PROBLEM DESCRIPTION – Type out the lines below exactly, pictures excluded.

══ RECORDED INFORMATION ══

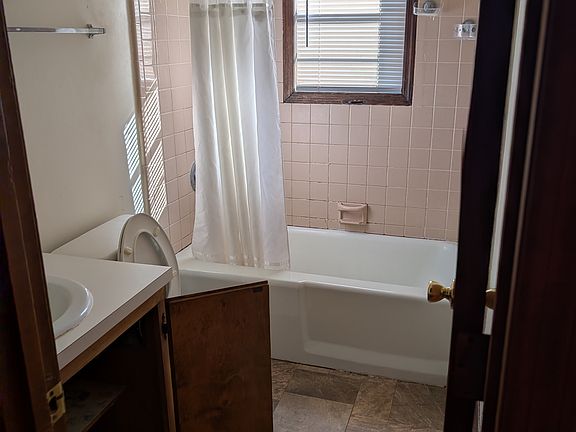 3rd image of 150 Hinkle St Unit 1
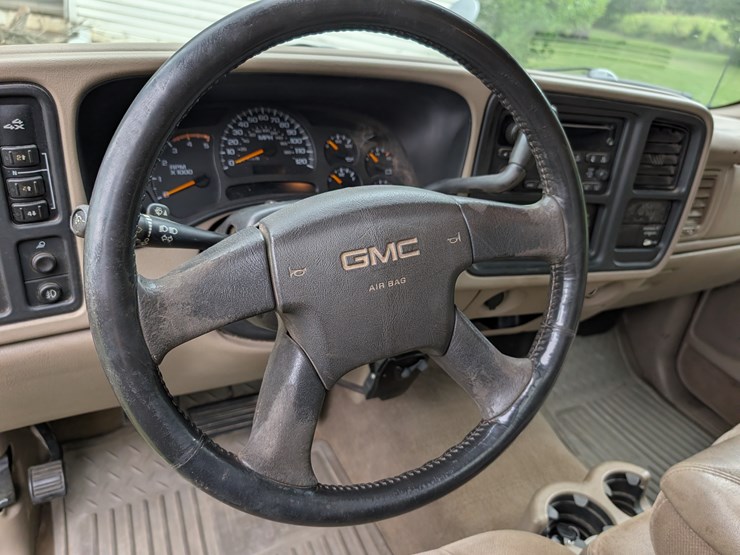 2004-gmc-3500-image-112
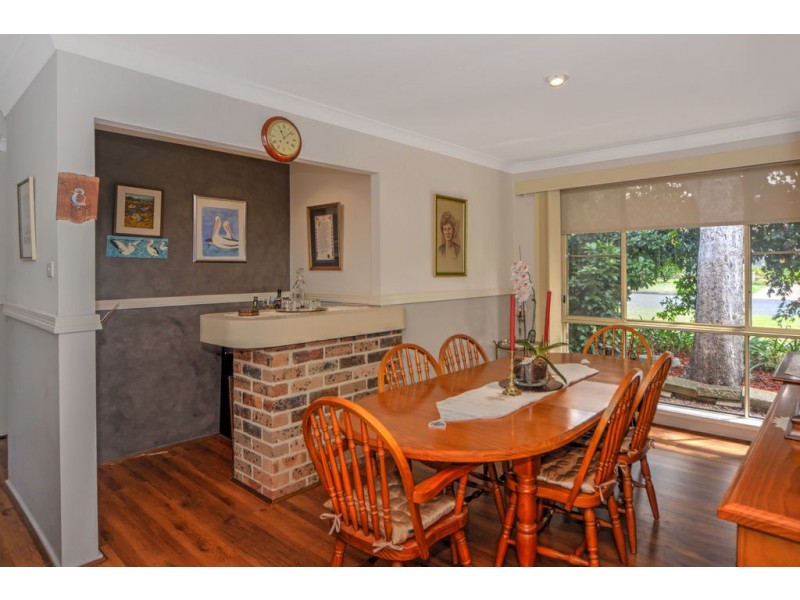 10 Romar Close, Bomaderry NSW 2541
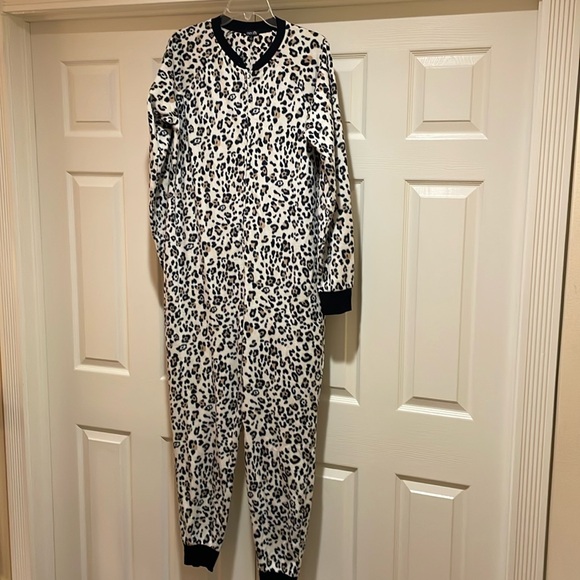 Cozy Zoe leopard onsie size large - Picture 2 of 9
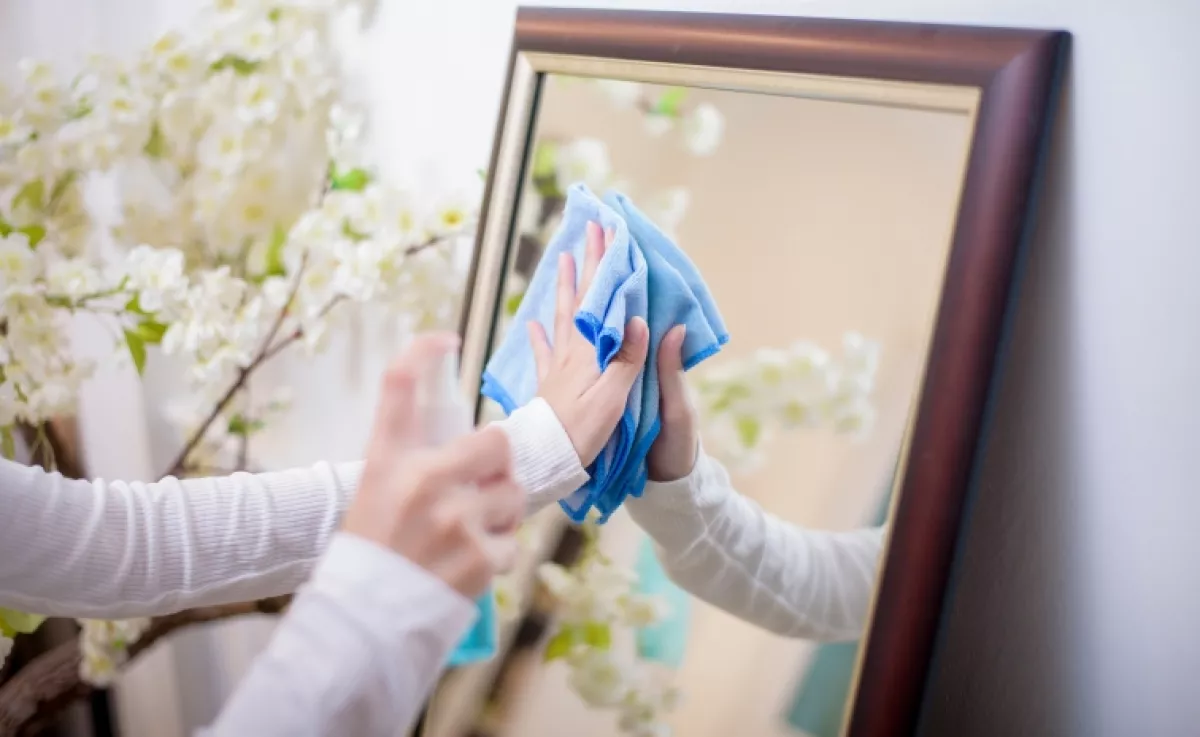 Filléres trükk: nem lesz többé karcos a tükör, ha ezt csinálod - Egy dolog kell hozzá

═══

ANSWER BELOW –
 3rd image of 150 Hinkle St Unit 1
 2004-gmc-3500-image-112
 10 Romar Close, Bomaderry NSW 2541
 Cozy Zoe leopard onsie size large - Picture 2 of 9
 Filléres trükk: nem lesz többé karcos a tükör, ha ezt csinálod - Egy dolog kell hozzá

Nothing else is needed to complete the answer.